◆ **Work item**
Whenever a line contains the string "that", copy it out of the entries.

◆ **Records for this task**

--------------------------------

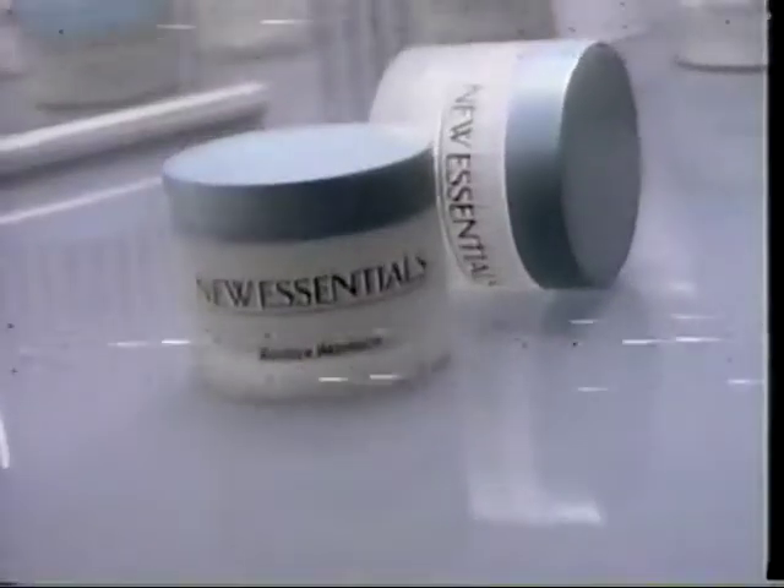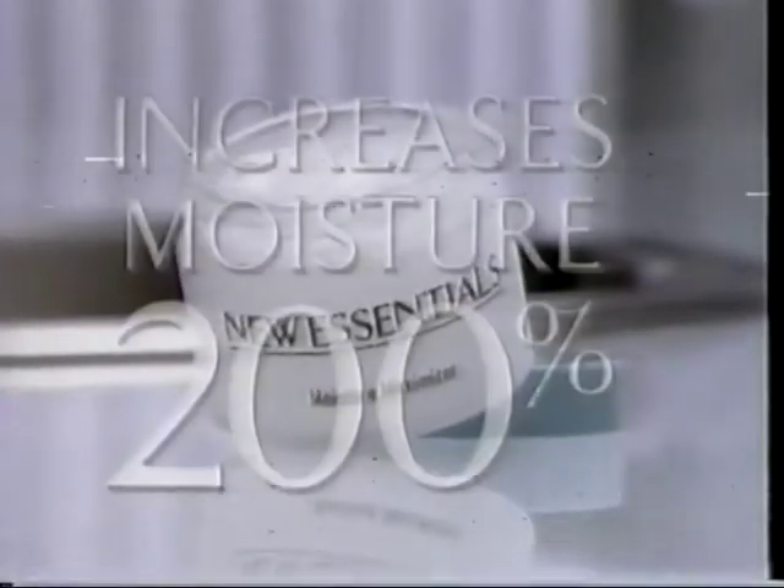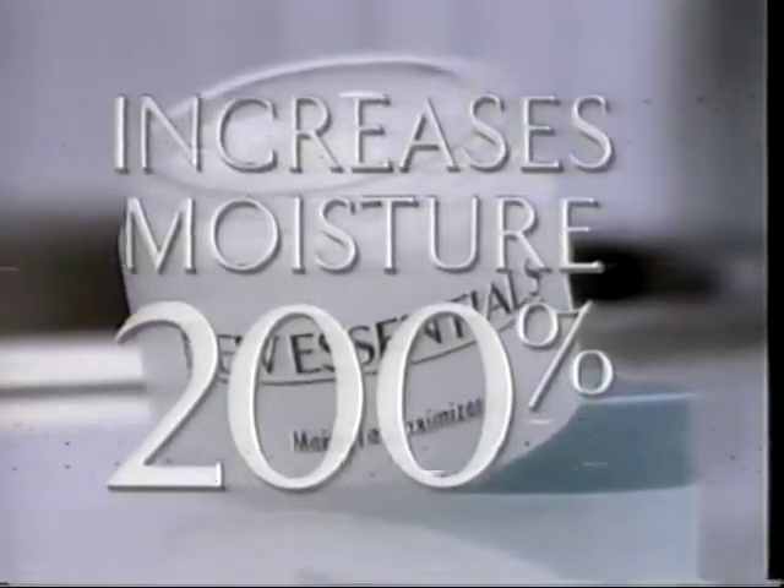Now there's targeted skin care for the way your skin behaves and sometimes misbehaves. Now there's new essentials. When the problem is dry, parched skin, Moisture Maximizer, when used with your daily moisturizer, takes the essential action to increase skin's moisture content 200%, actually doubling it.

--------------------------------

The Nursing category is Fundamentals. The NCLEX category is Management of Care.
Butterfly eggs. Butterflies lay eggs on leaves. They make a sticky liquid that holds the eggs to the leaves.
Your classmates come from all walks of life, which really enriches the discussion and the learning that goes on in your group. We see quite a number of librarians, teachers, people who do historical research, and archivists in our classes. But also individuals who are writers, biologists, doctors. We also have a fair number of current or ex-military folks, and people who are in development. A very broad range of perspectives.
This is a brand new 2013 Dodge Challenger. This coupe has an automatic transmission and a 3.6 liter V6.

--------------------------------

◆ **Your response**
Butterfly eggs. Butterflies lay eggs on leaves. They make a sticky liquid that holds the eggs to the leaves.
Your classmates come from all walks of life, which really enriches the discussion and the learning that goes on in your group. We see quite a number of librarians, teachers, people who do historical research, and archivists in our classes. But also individuals who are writers, biologists, doctors. We also have a fair number of current or ex-military folks, and people who are in development. A very broad range of perspectives.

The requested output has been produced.